Liberals can find many sins in Obama’s conduct of the presidency: his strange reversal on matters ranging from government transparency to the deportation of illegal immigrants, his willingness to pivot so quickly to the political center, his apparent elevation of compromise as an end in itself. He might argue that his presidency is held hostage by events that no politician can control, the economy chief among them, and that he has to govern in the environment that exists, not one that he wishes WOULD exist. No amount of rhetoric is going to end Tea Party-style Republican control of the House before 2012.
But that’s where the mechanics of politicking come in. Right before the recent budget deal came down, Obama implored his supporters to flood Congress with emails, phone calls and Tweets, and they responded strongly enough to crash websites and freeze switchboards. By then, though, it was probably too late to matter: when his supporters REALLY might have made a difference was earlier, in 2009 — when health care reform was endlessly and painfully stalled in Congress and Tea Partiers dominated the news — and again in 2010, as Republicans were poised to capture control of the House.
But Obama’s online army, so potent at the polls in 2008, was AWOL for the next two years, a dog that didn’t bark in the night. Many of the volunteers were burned out, for sure, but the campaign apparatus was also allowed to decay — Organizing For America may have become a “permanent field campaign” in theory, but it was a shadow of Obama For America until recently in terms of staff, funding and emphasis. With Obama’s supporter list relatively rarely used to influence legislation or to push messaging, Tea Party enthusiasm had little public counter. The Republican-heavy turnout in 2010 set up the resulting story: as Obama has found out all too painfully this year, elections have consequences.
With all of that in mind, let’s return to our original question, about rhetoric and concepts versus structure and organization. I’d argue that for successful campaigns, you need both. Lofty words and and the political nuts and bolts must mirror one another in effectiveness, particularly in an internet age — the message and the advertising establish the brand, while the field work and online organizing provide the channels to connect people to politician or supporter to movement. Neither is as effective as it could be without the other: Obama’s perceived failures may demoralize many on the Left and make it harder to recruit and energize activists, but Democrats’ inability to turn out their supporters in 2009 and 2010 helped create the very conditions that now force him to give in to the Tea Party types again and again. It’s a circle either virtuous or vicious, and often dependent on factors beyond your control.

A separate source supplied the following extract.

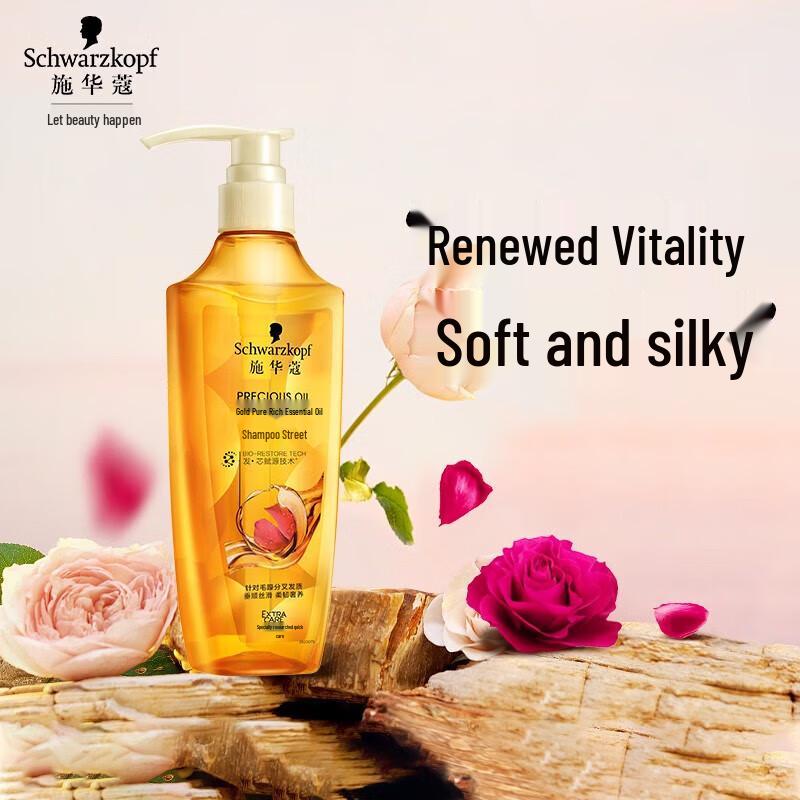 Schwarzkopf Gold Pure Hair Care Set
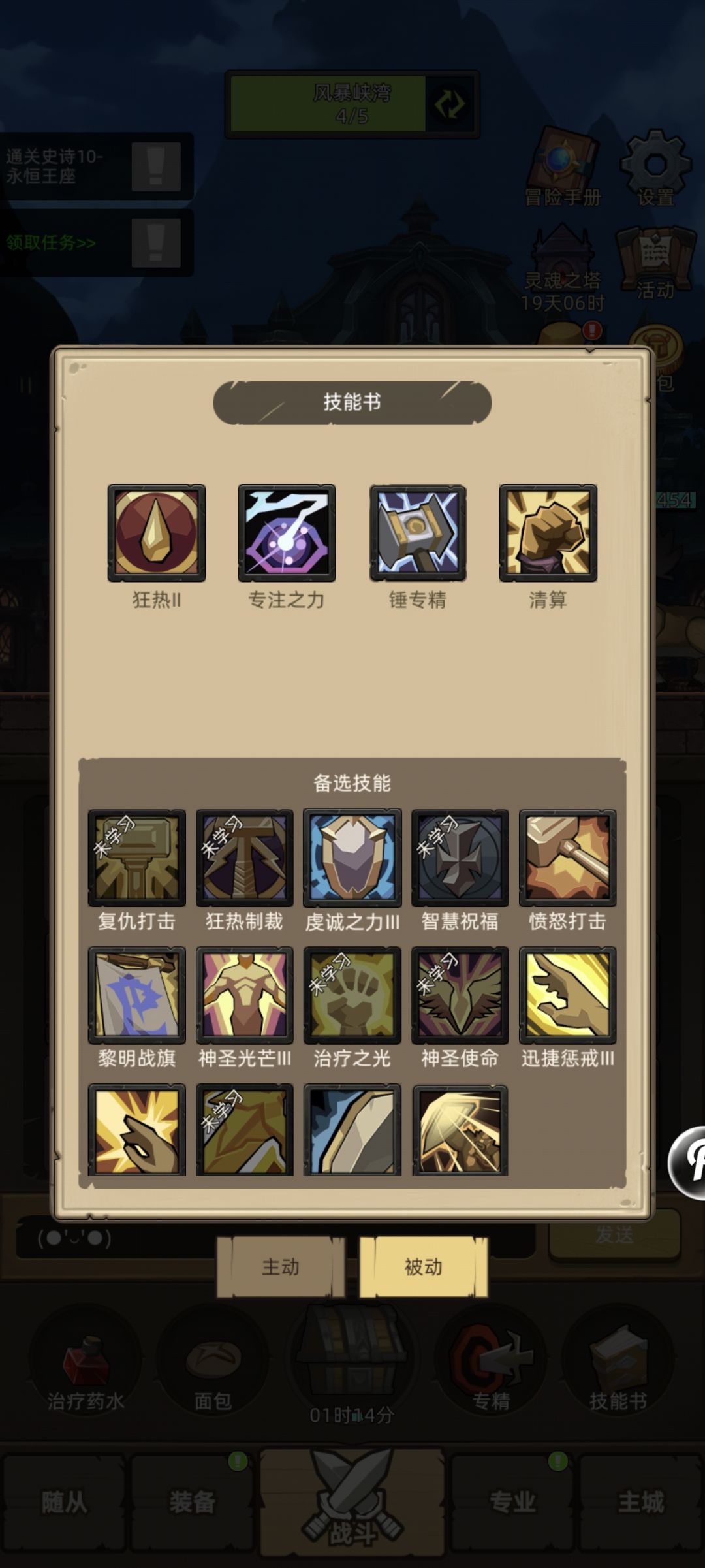 低分惩戒骑怎么过m10王座 2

Unfortunately, because of the deep biases of the people who TALK about politics in public, the nuts and bolts of winning an election or advocating for legislation are always going to be slighted in favor of the words we use to describe ourselves and our positions: the messaging dominates the discussion, at least on blogs and cable news. But regardless of what the pundits say, WE get to make up our own minds. So in politics, which actually matters more — the messaging or the mechanics? The answer, of course, is “yes.”